Tyger - Adrian Mitchell



Tyger is a celebration of William Blake written for the National Theatre in 1971. Note that word 'celebration'. In no sense is this a play but it is theatrical and it certainly is celebratory. Mitchell is still mired in that period of reverential obscurity that follows death. He is not thought good or bad because he is not thought about at all. Mitchell was such a poet of his time - the Sixties - that one wonders what the next generation will make of him. Those of us who remember the era (OK, the Seventies was more my era but I knew who Mitchell was long before I read the original reviews of Tyger) will recognise it here, with the added bonus of hefty slices of Blake's lesser known poetry.


The problem with the text is that this was very much a musical, with tunes by Mitchell's regular collaborator, the jazz musician Mike Westbrook.
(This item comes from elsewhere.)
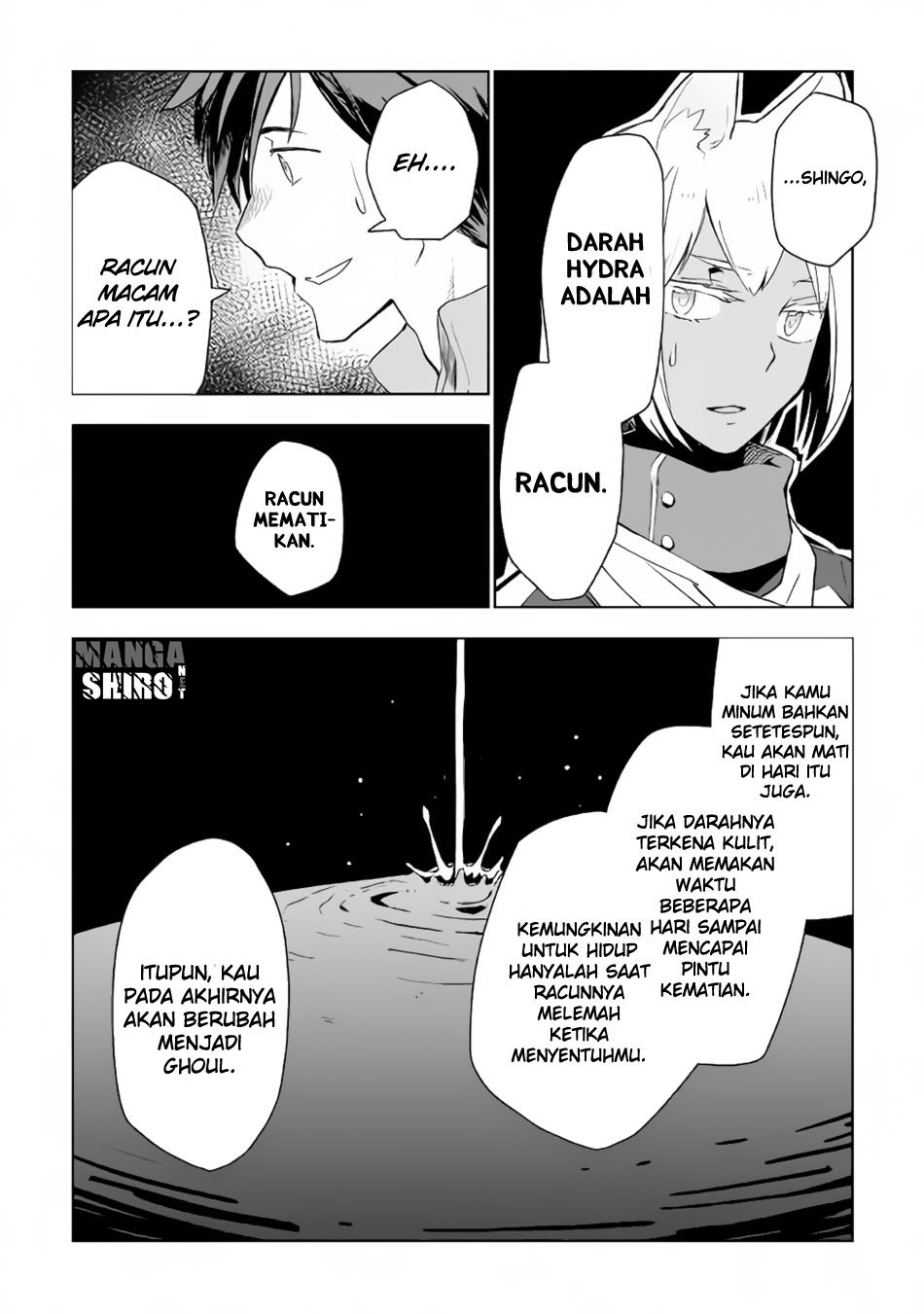 Jui-san no Oshigoto in Isekai Chapter 16 Gambar 10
Much of the dialogue and the vast majority of the poetry was intended to be sung. Without the tunes, what can we make of the words? In truth, not a lot.
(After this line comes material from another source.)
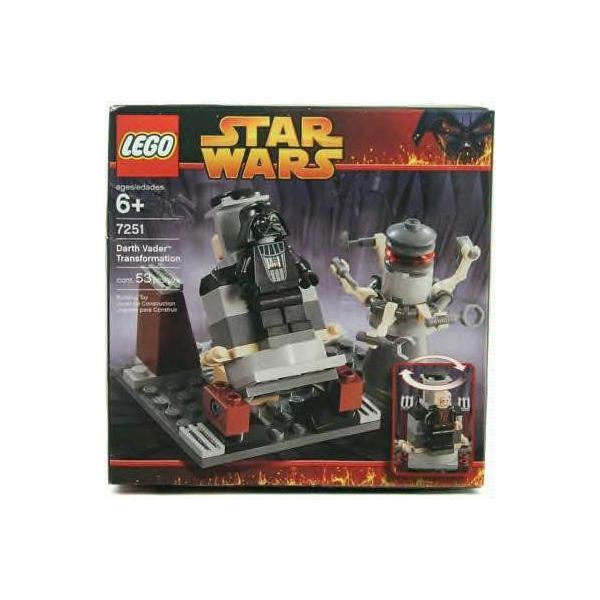 レゴ LEGO スター・ウォーズ ダース・ベイダーへの変身 7251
The style is Ubuesque. Blake starts attacking the establishment and ends up being exiled to the moon where he starts to build his New Jerusalem. Inbetween there are some very funny spy interludes and a hilarious turn by Mad King George the Fifty. There is also a toe-curlingly awful sketch in which great poets of the past and present salute Blake's achievement in comic verse. It's a rag-bag but one which is constantly inventive, persistently off-beam and thoroughly subversive, much like its hero. A monument to its day, which I don't see being revived anytime soon.